Free Software Foundation(FSF)とソフトウエア関連の法律問題を手がける米国の団体Software Freedom Law Center(SFLC)は,ソフトウエア・ライセンスGeneral Public License(GPL)の新版「GPL version 3(v3)」について,草案第2版を公開した。両団体が米国時間7月27日に明らかにしたもの。FSFのWebサイトからダウンロードできる。同版には,ライブラリなどに適用するためのライセンス「GNU Lesser General Public License(LGPL)version 3」の初版も入っている。

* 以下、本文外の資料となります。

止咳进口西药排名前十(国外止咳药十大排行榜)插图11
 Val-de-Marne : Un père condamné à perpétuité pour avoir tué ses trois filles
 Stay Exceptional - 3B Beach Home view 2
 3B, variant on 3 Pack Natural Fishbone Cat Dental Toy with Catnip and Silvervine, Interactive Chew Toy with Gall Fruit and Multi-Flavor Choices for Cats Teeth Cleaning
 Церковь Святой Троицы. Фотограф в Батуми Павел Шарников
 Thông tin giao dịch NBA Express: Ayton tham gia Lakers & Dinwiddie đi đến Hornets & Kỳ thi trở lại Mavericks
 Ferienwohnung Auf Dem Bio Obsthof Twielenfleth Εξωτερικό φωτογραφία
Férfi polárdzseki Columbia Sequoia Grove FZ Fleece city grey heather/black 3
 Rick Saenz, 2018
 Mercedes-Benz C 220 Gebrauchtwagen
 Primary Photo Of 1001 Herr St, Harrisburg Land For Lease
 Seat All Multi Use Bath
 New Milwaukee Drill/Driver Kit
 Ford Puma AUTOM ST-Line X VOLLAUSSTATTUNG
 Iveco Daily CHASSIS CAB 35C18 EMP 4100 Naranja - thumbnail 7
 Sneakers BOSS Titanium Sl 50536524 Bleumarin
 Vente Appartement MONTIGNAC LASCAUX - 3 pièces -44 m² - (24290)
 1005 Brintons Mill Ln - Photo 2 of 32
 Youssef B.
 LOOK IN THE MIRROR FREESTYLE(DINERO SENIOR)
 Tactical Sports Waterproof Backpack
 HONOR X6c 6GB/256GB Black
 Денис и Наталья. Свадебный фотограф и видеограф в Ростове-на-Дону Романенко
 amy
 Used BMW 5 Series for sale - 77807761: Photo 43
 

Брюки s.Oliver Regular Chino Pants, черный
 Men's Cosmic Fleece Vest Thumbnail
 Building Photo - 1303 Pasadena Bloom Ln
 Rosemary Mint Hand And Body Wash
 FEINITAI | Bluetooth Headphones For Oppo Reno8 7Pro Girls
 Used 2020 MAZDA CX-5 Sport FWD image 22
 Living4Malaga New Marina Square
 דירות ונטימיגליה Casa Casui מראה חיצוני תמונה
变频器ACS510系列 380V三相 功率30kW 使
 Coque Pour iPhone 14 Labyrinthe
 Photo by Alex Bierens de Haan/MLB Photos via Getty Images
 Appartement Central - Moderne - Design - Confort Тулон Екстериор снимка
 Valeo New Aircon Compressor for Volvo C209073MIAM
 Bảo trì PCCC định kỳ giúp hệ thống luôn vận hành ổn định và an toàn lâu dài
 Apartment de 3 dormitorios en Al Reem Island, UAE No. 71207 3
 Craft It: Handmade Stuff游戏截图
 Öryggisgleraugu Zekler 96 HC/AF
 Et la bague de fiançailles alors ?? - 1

 GPLは,FSFの創設者であるRichard M. Stallman氏がGNUフリーOSプロジェクト向けに1989年に作成したライセンス。Linuxなどが採用しているオープンソースの主要ライセンスであり,現在フリー/オープンソース・ソフトウエア(FOSS:Free/Libre and Open Source Software)のおよそ4分の3が同ライセンスを提供しているという。

 GPLの目的について,Stallman氏は「フリー・ソフトウエアを利用,共有,改変するというユーザーの自由を守ること」と説明する。1991年に現行のGPLv2が作成されてから約15年が経過し,「フリー・ソフトウエアの開発,配布,利用環境は劇的に変わった」(FSF,SFLC)

 GPLv3の草案第2版は,2006年1月公開の草案初版に寄せられた1000件弱の意見を参考に,改訂を施した。初版に対しては,Linuxの生みの親であるLinus Torvalds氏がデジタル著作権管理(DRM)技術の取り扱いに反発し,LinuxカーネルのGPLv3移行を拒否する姿勢を表明していた(関連記事)。

 FSFとSFLCはDRMに関する条項に手を加え,DRMがGPSv3適用ソフトウエアの共有や改変を妨げることに使う特定の場合に限り,DRMを直接制限することとした。「GPLv3はDRM機能の実装を禁止しないが,『DRM機能を除去できないようにしてユーザーに不利益を与える』といったことは阻止する」(FSF,SFLC)

 GPLv3の草案第3版は2006年秋に,最終版は2007年1~3月に公開する予定。